Critique of Radiograph #47

image047

    This is a good place to discuss collimation and patient exposure. Too much of the patient’s body was unnecessarily exposed. This can sometimes occur when using positive beam limiting collimators that open automatically to the size of the cassette. Always practice ALARA using good collimation and exposure technique. The medial, superior, and inferior borders could be more collimated on this patient without compromising area of interest. The positioning is good with minimal foreshortening of the scapula. There is a slight amount of foreshortening of the scapula possible because the patient is kyphotic or due to the midcoronal plane not being vertical and parallel with the image receptor. The CR can be angled 5-10 degrees caudal entering perpendicular to the scapular body. Again we see an example of using low kVp exposure that does not sufficiently penetrate the scapula. Always consider good bone detail and good penetration when choosing an exposure technique.

Radiograph #48

image048 What is your critique of this radiograph with a history of “post-op ORIF left scapula” evaluate alignment of scapula?

Critique of Radiograph #48

image048

    The positioning seen here is good. Notice that the humerus is moved medially to demonstrate the scapula without superimposition of the humeral shaft. Now considering the history of surgical repair of the scapula and the internal fixation demonstrated, the radiograph is flawed in that the inferior angle of the scapula is clipped. This is a post-operative survey film and all of the scapula must be included. The exposure technique is optimal for the scapula. Repeat film to include the entire scapula is recommended.

Radiograph #49

image049 What is your critique of this shoulder radiograph taken for post-operative scapula and humerus repair?

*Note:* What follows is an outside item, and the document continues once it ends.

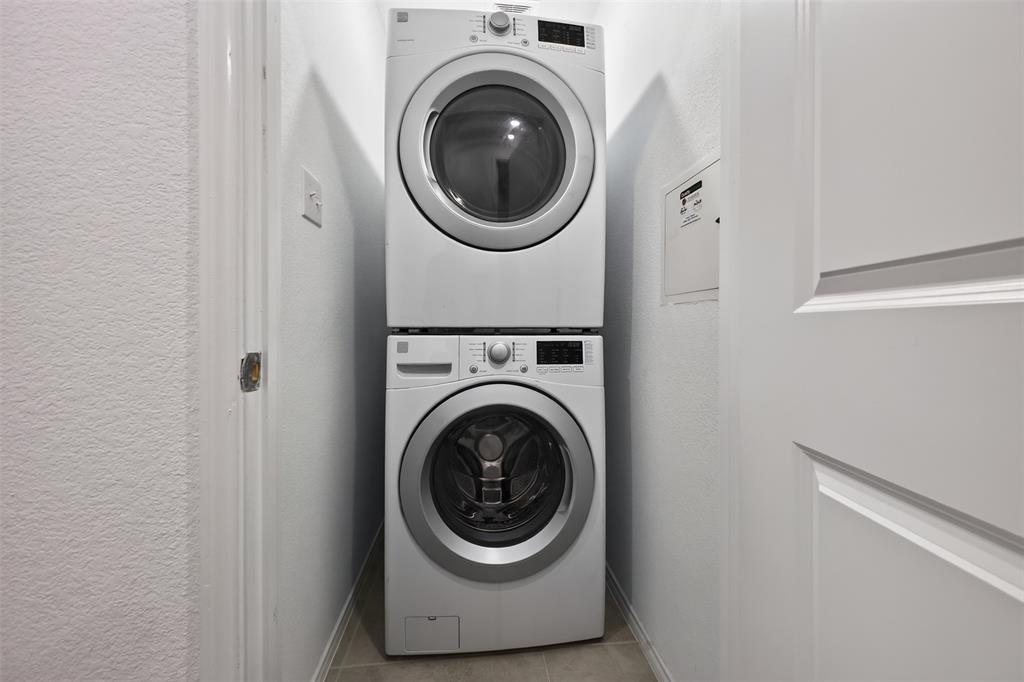 464 Reverie Way Ferris, TX 75125 - Photo 25 of 36 White stackable washer and dryer appliances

Critique of Radiograph #49

image049

    Here is an example of the radiographer really understanding the rational for the requested study. Notice that the scapula is not projected in a true lateral. This was intentional so that the internal fixation of the scapula does not superimpose that of the humerus. This makes them both easier to evaluate. The ability to evaluate the scapular "Y" is also preserved. Good radiographic exposure is used (low contrast) to penetrate the humerus and the scapula providing good bone and soft tissue detail. An excellent amount of collimation has been applied. This brings out the subject detail and reduced patient dose in keeping with ALARA.

Radiograph #50

image050 What is your critique of this radiograph taken for acute trauma?

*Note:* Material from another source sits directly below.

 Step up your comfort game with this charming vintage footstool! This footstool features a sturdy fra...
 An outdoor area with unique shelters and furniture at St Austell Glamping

Critique of Radiograph #50

image050

    Normally the arm is brought close to 90 degrees to the scapula to demonstrate the scapula without humeral superimposition. In this case the patient has a fracture of the scapula, which makes it difficult to move the arm away from the scapula at all. This is a good radiograph showing the scapula even though the scapula is not in a true lateral. Acute trauma may cause the patient too much pain when the arm is brought across the chest the way it is described in textbooks. A well-made lateral scapula radiograph demonstrates superimposition of the medial and lateral borders without superimposition on the thoracic cavity. But this description does not take into consideration comminuted fractures like the one seen in this radiograph. Most scapular fractures occur at the body or neck. Both of these structures and the fracture are adequately visualized. FYI: The higher the humerus is elevated the less rotating of the patient is needed to place the scapula parallel to the image receptor. This is because the scapula moves laterally with abduction of the humerus. CT is recommended when this type of fracture is seen.

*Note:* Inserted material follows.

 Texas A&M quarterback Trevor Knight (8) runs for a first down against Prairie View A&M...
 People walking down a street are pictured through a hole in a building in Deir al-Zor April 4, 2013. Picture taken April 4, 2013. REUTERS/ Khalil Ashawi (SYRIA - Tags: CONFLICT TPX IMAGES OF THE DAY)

Summary of the scapula "Y" and lateral scapula views

  • Demonstrate the entire scapula in the lateral projection profiling the acromion and coracoid processes.
  • Demonstrate the relationship of the glenoid fossa to the humeral head.
  • The body of the scapula should be superimposed on the proximal humerus when the scapular “Y” is properly demonstrated. Medial and lateral borders of the scapula should be superimposed.
  • Body and neck of the scapula should be well demonstrated with the humerus abducted 90 degrees to the body for the lateral scapula view. This shows the scapula without the humerus being superimposed on it.
  • When the thick border (lateral border) is next to the ribs and the thin border (vertebral border) of the scapula laterally the patient is rotated more than is needed.
  • When the thin border is next to the ribs and the thick border is laterally the patient is not rotated sufficiently to superimpose the borders.
  • Radiographic technique should penetrate the scapula and humerus providing good bone and soft tissue detail.
You should always ask yourself with each image taken, "Did I achieve the diagnostic criteria for this view?" Diagnostic Criteria for the AP and Lateral Proximal Humerus Views

Purpose: To identify fractures involving the extremities or shaft of the humerus and to identify dislocations of the glenohumeral or elbow joints. When a fracture of the proximal humerus is suspected shoulder projections are more appropriate. Likewise, when fracture or dislocation of the elbow is suspected specific projections for the elbow are recommended. The reason being is that the humerus is the longest bone in the upper extremity and the central ray diverges too much to appropriately demonstrate the joints at each end in a single view.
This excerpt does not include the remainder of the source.